Unfinished Business

Revisiting Welfare Reform

What ever happened to welfare reform? Our nation’s financial assistance to low-income (and usually single-parent) families was a hot-button issue in the 1990s, but since then it seems to have vanished from our collective radar. In the debates among presidential candidates of both parties, welfare reform has been obscured by other issues. Until the recent economic downturn, post-9/11 concerns about security, terrorism, immigration, Iraq, and now Iran made it hard to pay adequate attention to domestic policy in general, and social-welfare policy in particular. Yet for the millions of Americans—most of them children—whose lives are directly affected by even the slightest change in federal welfare regulations, the future of the welfare system is an important matter. While the positions staked out on this issue by candidates and their parties may appear as mere afterthoughts in this campaign season, it is a mistake for voters to think of welfare as a minor issue—or to imagine that welfare reform is finished business. Grinding poverty persists in our country, even if many of us fail to notice it.

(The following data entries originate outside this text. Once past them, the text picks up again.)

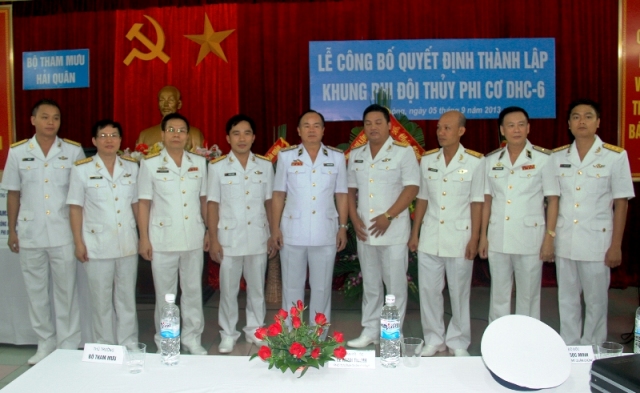 Thành lập Phi đội thủy phi cơ DHC-6 Không quân Hải quân Việt Nam
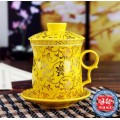 加字陶瓷杯子厂家 景德镇茶杯价格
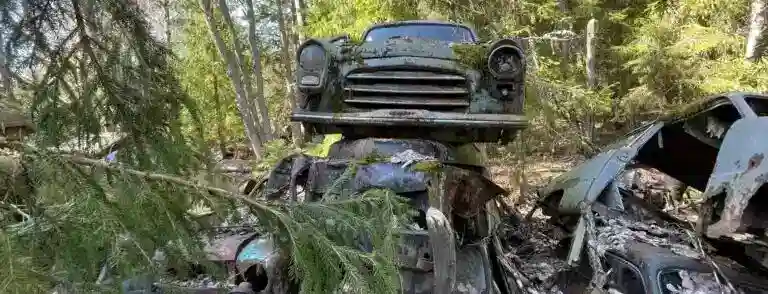 Registreringsbevis och dokument för skrotbil som används när en bil avregistreras i samband med skrotning.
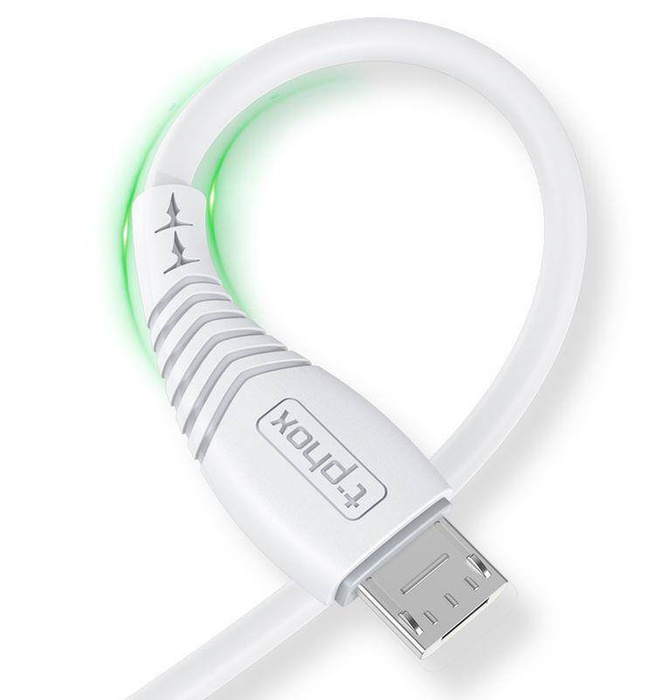 T-PHOX NATURE CÂBLE MICRO USB BLANC 1.2M 3A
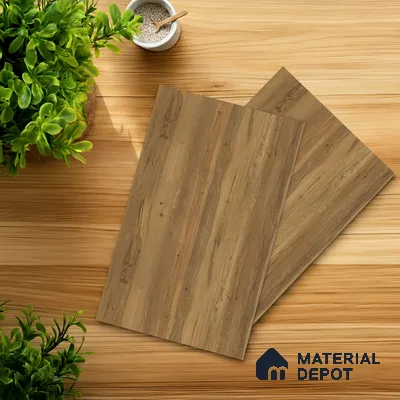 Wooden Look LM 21603 Soft Teak 8ft x 4ft Suede Finish Decorative Laminate - 1 mm | Suitable for TV Unit, Wardrobe, Kitchen Cabinets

Temporary Assistance for Needy Families (TANF) is our nation’s major cash-assistance program for low-income families, having replaced Aid to Families with Dependent Children (AFDC) in 1996. TANF is small potatoes by most budgetary measures. Its $16.5 billion annual budget is tiny compared to our annual expenditures on the military ($16.5 billion would fund the Iraq occupation for a few weeks). TANF was designed to save federal money, and no one can deny that it has.

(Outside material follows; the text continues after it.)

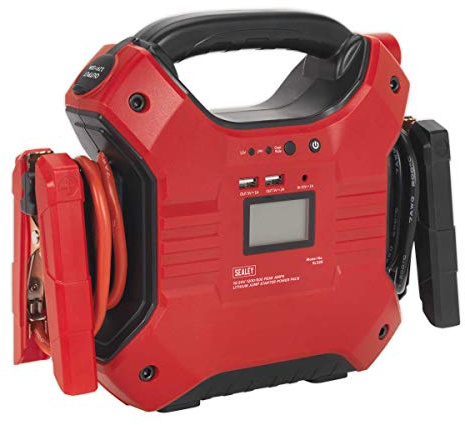 Sealey 1200/600A 12/24V hopp startare kraftpaket litiumjonfosfat (LiFePo4) – SL32S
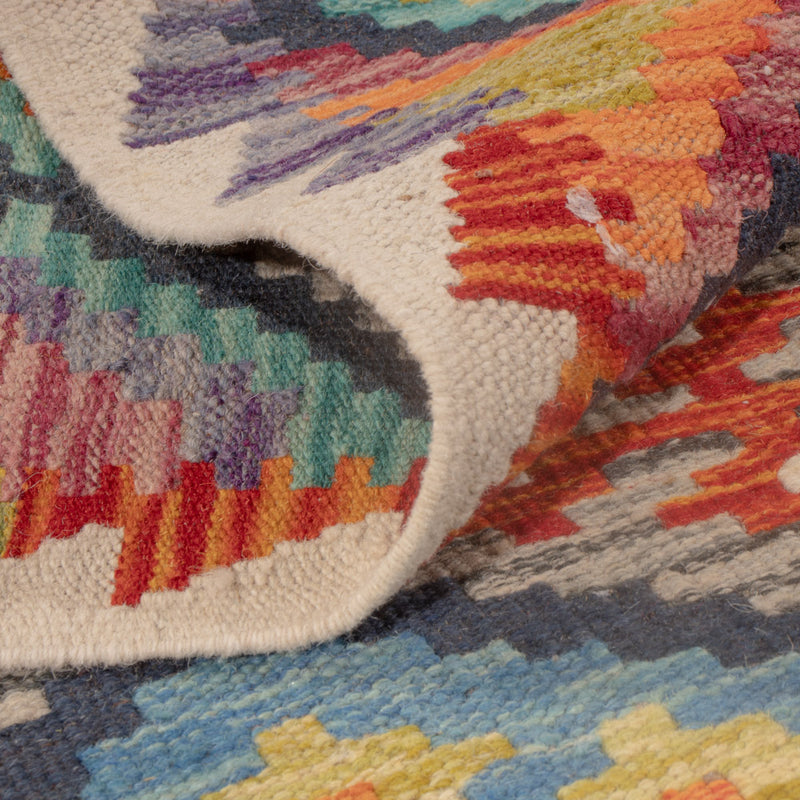 Kilim Maimana Teppe 131x78cm - Ullteppe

But the reformed program was also supposed to be good for the poor: it would be, we were told, both more efficient and more effective. Of course, the only way to verify its effectiveness is to study its results, but so far the federal government hasn’t shown much interest in the results. Until it does, the welfare reform of the ’90s will remain seriously incomplete. The Personal Responsibility and Work Opportunity Reconciliation Act, which was passed by Newt Gingrich’s Republican-controlled Congress and signed into law by Bill Clinton in the summer of 1996, called for a thorough review and reauthorization after six years. Almost twelve years later, there has still been no real review and the program has been temporarily extended rather than reauthorized. Since politicians were convinced that the welfare problem had been solved, there seemed no need to make sure that it had been.

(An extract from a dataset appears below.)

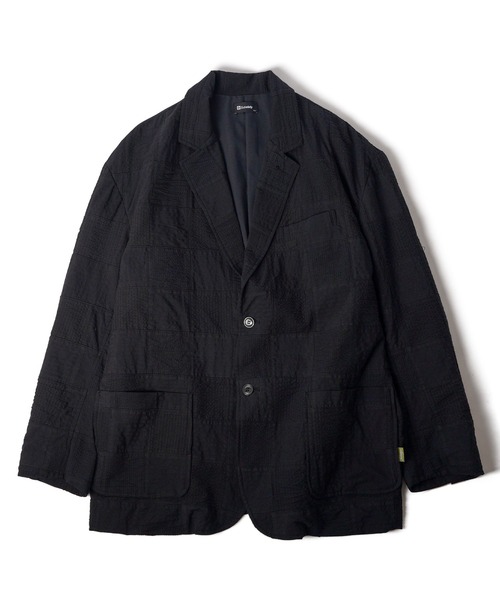 Subciety(サブサエティ)の「Patchwork tailored jacket(テーラードジャケット・メンズ・ブラック/ホワイト・SMALL/MEDIUM/LARGE/X-LARGE)」の8枚目の写真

The period of 1996–2002 witnessed so many simultaneous innovations in federal welfare policy that even ardent supporters of reform acknowledged the need for a thorough review of its effects. Insofar as these have been measured, they defy even the most informed predictions. Nobody could have known in advance how the different features of the sweeping overhaul would interact with each other and with new demographic and economic trends. The reform included the block-granting to states of what had previously been a matching-grant entitlement, time limits on benefits, work requirements, and a reduction in federal oversight of local welfare administration. States also enjoyed new freedom to impose behavioral rules on welfare recipients. If the recipients broke these rules, they lost their eligibility. States could now adopt “family caps” and exclude teenage mothers. Such policies encourage abortion and impose hardships on particular groups of applicants and recipients. This is one reason the U.S. Catholic bishops have consistently expressed serious reservations about the welfare reforms of the ’90s.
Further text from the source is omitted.